Each agent has a fallback chain. The system tries models in priority order until it finds one available through your connected providers. You don't need to configure providers per model. Just authenticate (opencode auth login) and the system figures out which models are available and where.

Core-agent tab cycling is deterministic via injected runtime order field. The fixed priority order is Sisyphus (order: 1), Hephaestus (order: 2), Prometheus (order: 3), and Atlas (order: 4), then the remaining agents follow.

Your explicit configuration always wins. If you set a specific model for an agent, that choice takes precedence even when resolution data is cold.

Variant and reasoningEffort overrides are normalized to model-supported values, so cross-provider overrides degrade gracefully instead of failing hard.

Model capabilities are models.dev-backed, with a refreshable cache and capability diagnostics. Use bunx oh-my-opencode refresh-model-capabilities to update the cache, or configure model_capabilities.auto_refresh_on_start to refresh at startup.

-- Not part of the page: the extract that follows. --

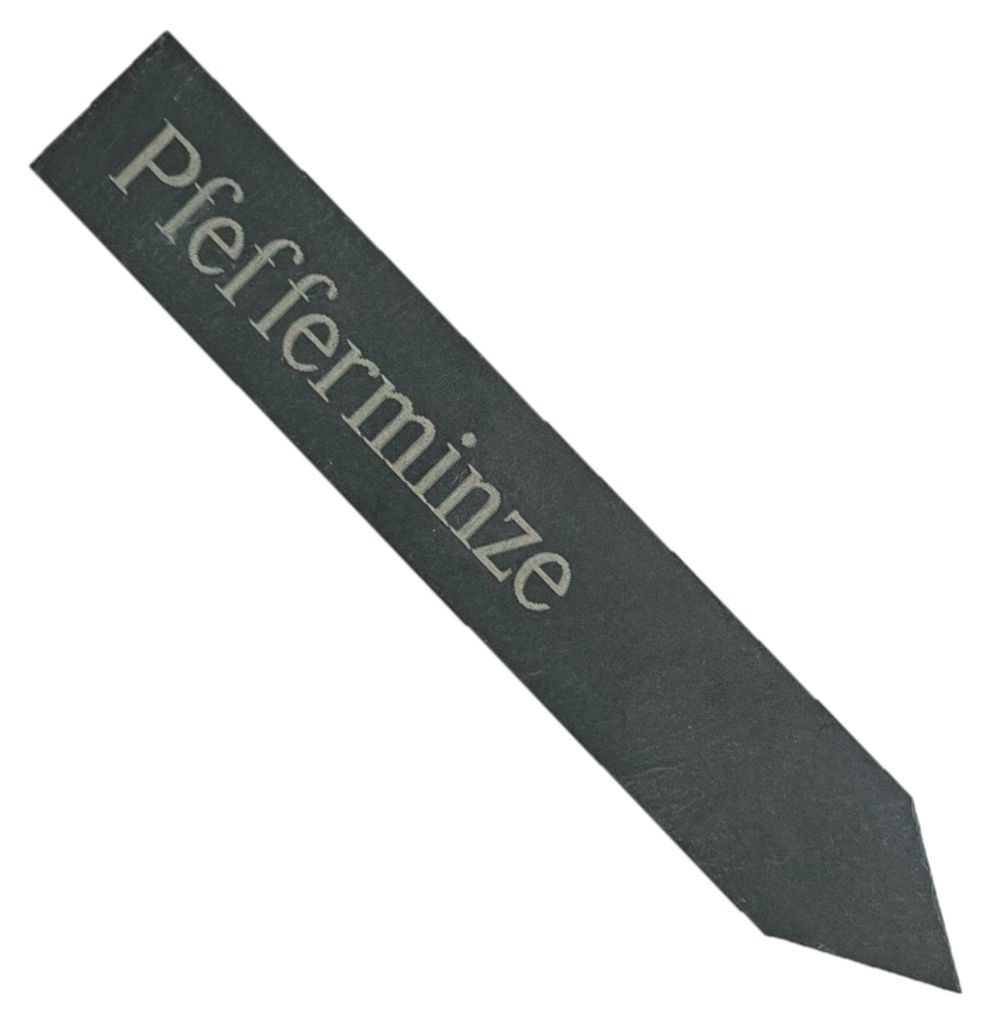 Pflanzenschild "Pfefferminze" Kräuterstecker Schiefer 19 cm graviert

To see which models your agents will actually use, run bunx oh-my-opencode doctor. This shows effective model resolution based on your current authentication and config.

Agent Request → User Override (if configured) → Fallback Chain → System Default

File-Based Prompts

You can load agent system prompts from external files using file:// URLs in the prompt field, or append additional content with prompt_append. The prompt_append field also works on categories.

{
  "agents": {
    "sisyphus": {
      "prompt": "file:///path/to/custom-prompt.md"
    },
    "oracle": {
      "prompt_append": "file:///path/to/additional-context.md"
    }
  },
  "categories": {
    "deep": {
      "prompt_append": "file:///path/to/deep-category-append.md"
    }
  }
}

The file content is loaded at runtime and injected into the agent's system prompt. Supports ~ expansion for home directory and relative file:// paths.